I have not yet spoken my last word about women. I believe that if a woman succeeds in withdrawing from the mass, or rather raising herself from above the mass, she grows ceaselessly and more than a man.
Every parting gives a foretaste of death, every reunion a hint of the resurrection.
The inexpressible depth of music, so easy to understand and yet so inexplicable, is due to the fact that it reproduces all the emotions of our innermost being, but entirely without reality and remote from its pain… Music expresses only the quintessence of life and its events, never these themselves.
Just as one spoils the stomach by overfeeding and thereby impairs the whole body, so can one overload and choke the mind by giving it too much nourishment. For the more one reads the fewer are the traces left of what one has read; the mind is like a tablet that has been written over and over. Hence it is impossible to reflect; and it is only by reflection that one can assimilate what one has read. If one reads straight ahead without pondering over it later, what has been read does not take root, but is for the most part lost.
Buying books would be a good thing if one could also buy the time to read them; but as a rule the purchase of books is mistaken for the appropriation of their contents.
The cheapest sort of pride is national pride; for if a man is proud of his own nation, it argues that he has no qualities of his own of which he can be proud; otherwise he would not have recourse to those which he shares with so many millions of his fellowmen. The man who is endowed with important personal qualities will be only too ready to see clearly in what respects his own nation falls short, since their failings will be constantly before his eyes. But every miserable fool who has nothing at all of which he can be proud adopts, as a last resource, pride in the nation to which he belongs; he is ready and glad to defend all its faults and follies tooth and nail, thus reimbursing himself for his own inferiority.
I have long held the opinion that the amount of noise that anyone can bear undisturbed stands in inverse proportion to his mental capacity and therefore be regarded as a pretty fair measure of it.
There are very few who can think, but every man wants to have an opinion; and what remains but to take it ready-made from others, instead of forming opinions for himself?
What a man is contributes much more to his happiness than what he has or how he is regarded by others.
Authors can be divided into meteors, planets and fixed stars. The meteors produce a loud momentary effect; we look up, shout ‘see there!’ and then they are gone for ever. The planets and comets last for a much longer time….The fixed stars alone are constant and unalterable; their position in the firmament is fixed; they have their own light and are at all times active, because they do not alter their appearance through a change in our standpoint, for they have no parallax. Unlike the others, they do not belong to one system (nation) alone, but to the world. But just because they are situated so high, their light usually requires many years before it becomes visible to the inhabitants of earth.
The actual life of a thought lasts only until it reaches the point of speech…As soon as our thinking has found words it ceases to be sincere…When it begins to exist in others it ceases to live in us, just as the child severs itself from its mother when it enters into its own existence.
Scholars are those who have read in books, but thinkers, men of genius, world-enlighteners, and reformers of the human race are those who have read directly in the book of the world.
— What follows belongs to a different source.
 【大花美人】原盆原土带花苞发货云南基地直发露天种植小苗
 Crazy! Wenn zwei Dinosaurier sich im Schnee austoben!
However, for the man who studies to gain insight, books and studies are merely rungs of the ladder on which he climbs to the summit of knowledge. As soon as a rung has raised him up one step, he leaves it behind. On the other hand, the many who study in order to fill their memory do not use the rungs of the ladder for climbing, but take them off and load themselves with them to take away, rejoicing at the increasing weight of the burden. They remain below forever, because they bear what should have borne them.
Compassion for animals is intimately connected with goodness of character; and it may be confidently asserted that he who is cruel to animals cannot be a good man.
Our civilized world is nothing but a great masquerade. You encounter knights, parsons, soldiers, doctors, lawyers, priests, philosophers and a thousand more: but they are not what they appear – they are merely masks… Usually, as I say, there is nothing but industrialists, businessmen and speculators concealed behind all these masks.
It may sometimes happen that a truth, an insight, which you have slowly and laboriously puzzled out by thinking for yourself could have easily have been found already written in a book: but it is a hundred times more valuable if you have arrived at it by thinking for yourself. For only then will it enter your thought system as an integral part and living member, be perfectly and firmly consistent with it and in accord with all its other consequences and conclusions, bear the hue, colour and stamp of your whole manner of thinking, and have arrived at just the moment it was needed ; thus it will stay firmly and forever lodged in your mind.